(YOUR ASSIGNMENT):
Your task is to write out exactly the lines of the listing below, from the first down to the line that holds "Webasto 1319870A gala aizbāznis D90".

(INPUT DATA):
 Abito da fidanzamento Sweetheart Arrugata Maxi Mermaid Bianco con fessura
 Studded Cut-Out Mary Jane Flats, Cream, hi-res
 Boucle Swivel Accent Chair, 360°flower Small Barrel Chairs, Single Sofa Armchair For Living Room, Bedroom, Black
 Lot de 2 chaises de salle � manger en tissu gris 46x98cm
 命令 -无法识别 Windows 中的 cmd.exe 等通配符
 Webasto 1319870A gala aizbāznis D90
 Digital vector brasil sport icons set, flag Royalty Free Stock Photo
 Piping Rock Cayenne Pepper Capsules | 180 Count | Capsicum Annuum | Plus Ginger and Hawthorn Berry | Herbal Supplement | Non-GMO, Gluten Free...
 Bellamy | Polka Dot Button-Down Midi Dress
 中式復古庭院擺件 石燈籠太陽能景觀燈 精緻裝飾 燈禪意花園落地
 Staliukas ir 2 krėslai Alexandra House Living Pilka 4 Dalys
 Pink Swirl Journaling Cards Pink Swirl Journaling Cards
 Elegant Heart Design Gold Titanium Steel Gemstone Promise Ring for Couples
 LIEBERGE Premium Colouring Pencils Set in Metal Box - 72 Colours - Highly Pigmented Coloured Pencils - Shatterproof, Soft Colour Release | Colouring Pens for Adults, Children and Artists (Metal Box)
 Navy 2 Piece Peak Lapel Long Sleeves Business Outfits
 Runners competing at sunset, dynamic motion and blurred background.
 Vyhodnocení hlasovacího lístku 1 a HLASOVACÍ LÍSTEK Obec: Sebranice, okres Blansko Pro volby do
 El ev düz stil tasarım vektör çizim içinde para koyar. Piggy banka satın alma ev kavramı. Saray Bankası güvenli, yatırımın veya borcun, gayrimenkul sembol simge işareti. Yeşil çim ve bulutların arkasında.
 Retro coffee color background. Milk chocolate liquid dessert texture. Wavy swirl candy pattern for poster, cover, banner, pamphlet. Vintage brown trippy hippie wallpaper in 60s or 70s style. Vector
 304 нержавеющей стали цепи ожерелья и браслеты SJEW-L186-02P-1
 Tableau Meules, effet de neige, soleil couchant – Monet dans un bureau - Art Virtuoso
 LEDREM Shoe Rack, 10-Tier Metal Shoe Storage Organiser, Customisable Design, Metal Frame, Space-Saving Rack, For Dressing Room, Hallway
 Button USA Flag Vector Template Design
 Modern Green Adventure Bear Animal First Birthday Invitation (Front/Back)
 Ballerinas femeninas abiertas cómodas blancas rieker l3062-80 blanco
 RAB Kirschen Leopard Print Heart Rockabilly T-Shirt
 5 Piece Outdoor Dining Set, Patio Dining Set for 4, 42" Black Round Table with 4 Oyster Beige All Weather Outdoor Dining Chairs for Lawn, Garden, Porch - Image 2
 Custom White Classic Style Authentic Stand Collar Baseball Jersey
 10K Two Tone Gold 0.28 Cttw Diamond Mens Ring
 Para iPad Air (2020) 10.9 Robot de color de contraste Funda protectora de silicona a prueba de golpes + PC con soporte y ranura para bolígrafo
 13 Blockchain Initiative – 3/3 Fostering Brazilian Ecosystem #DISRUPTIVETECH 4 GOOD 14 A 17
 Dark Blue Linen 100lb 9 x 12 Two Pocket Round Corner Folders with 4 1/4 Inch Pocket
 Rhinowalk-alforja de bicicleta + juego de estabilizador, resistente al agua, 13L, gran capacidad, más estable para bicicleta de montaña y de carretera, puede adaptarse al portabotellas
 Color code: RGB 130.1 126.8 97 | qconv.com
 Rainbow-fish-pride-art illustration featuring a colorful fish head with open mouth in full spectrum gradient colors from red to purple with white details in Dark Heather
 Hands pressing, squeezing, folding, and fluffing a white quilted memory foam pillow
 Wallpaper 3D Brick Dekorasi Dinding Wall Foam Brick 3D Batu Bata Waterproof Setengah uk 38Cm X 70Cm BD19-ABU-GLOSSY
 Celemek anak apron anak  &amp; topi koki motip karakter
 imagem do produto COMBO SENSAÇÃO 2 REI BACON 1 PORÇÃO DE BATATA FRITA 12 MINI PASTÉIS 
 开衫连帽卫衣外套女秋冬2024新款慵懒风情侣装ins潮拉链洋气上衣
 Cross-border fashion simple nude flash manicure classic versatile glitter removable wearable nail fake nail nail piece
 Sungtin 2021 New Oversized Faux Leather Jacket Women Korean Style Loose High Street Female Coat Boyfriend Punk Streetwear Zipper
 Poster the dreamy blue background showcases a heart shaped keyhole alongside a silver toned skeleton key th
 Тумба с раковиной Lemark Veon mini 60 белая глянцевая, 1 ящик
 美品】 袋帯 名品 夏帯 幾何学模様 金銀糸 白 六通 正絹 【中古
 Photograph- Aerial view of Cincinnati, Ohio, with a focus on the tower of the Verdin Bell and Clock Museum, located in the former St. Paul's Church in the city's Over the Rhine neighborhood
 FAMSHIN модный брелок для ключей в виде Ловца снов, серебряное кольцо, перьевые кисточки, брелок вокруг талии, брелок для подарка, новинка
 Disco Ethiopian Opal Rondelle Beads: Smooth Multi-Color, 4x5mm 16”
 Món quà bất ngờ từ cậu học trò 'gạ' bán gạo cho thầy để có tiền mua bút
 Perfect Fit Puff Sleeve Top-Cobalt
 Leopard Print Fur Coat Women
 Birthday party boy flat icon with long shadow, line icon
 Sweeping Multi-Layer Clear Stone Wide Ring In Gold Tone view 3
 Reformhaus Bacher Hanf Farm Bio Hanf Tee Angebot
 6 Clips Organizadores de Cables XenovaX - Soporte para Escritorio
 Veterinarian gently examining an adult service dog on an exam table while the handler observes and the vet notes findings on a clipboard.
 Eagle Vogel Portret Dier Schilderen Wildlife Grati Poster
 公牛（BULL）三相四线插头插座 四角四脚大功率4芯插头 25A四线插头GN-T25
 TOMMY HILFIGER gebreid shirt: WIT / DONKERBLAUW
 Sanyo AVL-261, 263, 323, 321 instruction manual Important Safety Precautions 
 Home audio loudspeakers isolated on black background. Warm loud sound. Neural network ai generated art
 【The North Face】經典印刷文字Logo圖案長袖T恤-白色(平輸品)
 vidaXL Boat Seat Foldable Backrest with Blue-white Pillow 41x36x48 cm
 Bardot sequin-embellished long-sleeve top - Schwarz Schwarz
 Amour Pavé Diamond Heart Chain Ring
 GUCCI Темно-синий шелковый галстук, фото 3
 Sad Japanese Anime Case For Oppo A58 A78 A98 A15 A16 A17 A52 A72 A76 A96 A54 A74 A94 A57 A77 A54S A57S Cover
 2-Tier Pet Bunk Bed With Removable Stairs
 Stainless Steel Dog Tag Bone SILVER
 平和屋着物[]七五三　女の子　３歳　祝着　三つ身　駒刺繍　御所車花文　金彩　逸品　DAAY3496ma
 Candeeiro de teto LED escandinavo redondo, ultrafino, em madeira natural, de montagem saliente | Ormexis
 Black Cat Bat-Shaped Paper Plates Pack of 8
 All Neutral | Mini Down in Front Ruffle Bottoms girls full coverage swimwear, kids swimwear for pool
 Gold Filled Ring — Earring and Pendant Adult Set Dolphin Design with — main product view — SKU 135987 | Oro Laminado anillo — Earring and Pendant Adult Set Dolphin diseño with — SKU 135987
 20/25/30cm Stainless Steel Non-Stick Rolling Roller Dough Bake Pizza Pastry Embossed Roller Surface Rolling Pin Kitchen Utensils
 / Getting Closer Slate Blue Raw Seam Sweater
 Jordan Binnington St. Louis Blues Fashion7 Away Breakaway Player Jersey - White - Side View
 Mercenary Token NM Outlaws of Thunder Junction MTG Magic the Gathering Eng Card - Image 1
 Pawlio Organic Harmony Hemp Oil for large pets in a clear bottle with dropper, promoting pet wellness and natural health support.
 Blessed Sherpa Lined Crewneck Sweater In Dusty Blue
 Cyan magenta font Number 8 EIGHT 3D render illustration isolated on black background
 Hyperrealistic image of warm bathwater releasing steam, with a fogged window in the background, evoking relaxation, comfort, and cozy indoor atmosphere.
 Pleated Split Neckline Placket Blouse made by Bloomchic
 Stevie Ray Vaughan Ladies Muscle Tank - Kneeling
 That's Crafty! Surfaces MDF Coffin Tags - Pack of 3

(EXERCISE RESPONSE):
 Abito da fidanzamento Sweetheart Arrugata Maxi Mermaid Bianco con fessura
 Studded Cut-Out Mary Jane Flats, Cream, hi-res
 Boucle Swivel Accent Chair, 360°flower Small Barrel Chairs, Single Sofa Armchair For Living Room, Bedroom, Black
 Lot de 2 chaises de salle � manger en tissu gris 46x98cm
 命令 -无法识别 Windows 中的 cmd.exe 等通配符
 Webasto 1319870A gala aizbāznis D90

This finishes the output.